───── Dataset entries

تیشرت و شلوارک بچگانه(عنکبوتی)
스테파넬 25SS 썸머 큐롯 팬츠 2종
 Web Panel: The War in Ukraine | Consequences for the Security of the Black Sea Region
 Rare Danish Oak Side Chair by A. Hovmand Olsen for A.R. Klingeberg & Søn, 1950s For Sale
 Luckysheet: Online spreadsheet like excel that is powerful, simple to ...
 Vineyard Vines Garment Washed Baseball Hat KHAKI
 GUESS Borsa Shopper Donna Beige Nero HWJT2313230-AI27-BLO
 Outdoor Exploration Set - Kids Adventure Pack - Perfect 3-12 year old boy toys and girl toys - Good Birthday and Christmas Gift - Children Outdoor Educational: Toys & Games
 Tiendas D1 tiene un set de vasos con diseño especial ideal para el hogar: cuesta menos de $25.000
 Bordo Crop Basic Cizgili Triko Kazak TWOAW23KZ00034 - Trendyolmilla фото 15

──────────

» What you are asked to do
Copy the entries exactly as they appear.

» Expected output
تیشرت و شلوارک بچگانه(عنکبوتی)
스테파넬 25SS 썸머 큐롯 팬츠 2종
 Web Panel: The War in Ukraine | Consequences for the Security of the Black Sea Region
 Rare Danish Oak Side Chair by A. Hovmand Olsen for A.R. Klingeberg & Søn, 1950s For Sale
 Luckysheet: Online spreadsheet like excel that is powerful, simple to ...
 Vineyard Vines Garment Washed Baseball Hat KHAKI
 GUESS Borsa Shopper Donna Beige Nero HWJT2313230-AI27-BLO
 Outdoor Exploration Set - Kids Adventure Pack - Perfect 3-12 year old boy toys and girl toys - Good Birthday and Christmas Gift - Children Outdoor Educational: Toys & Games
 Tiendas D1 tiene un set de vasos con diseño especial ideal para el hogar: cuesta menos de $25.000
 Bordo Crop Basic Cizgili Triko Kazak TWOAW23KZ00034 - Trendyolmilla фото 15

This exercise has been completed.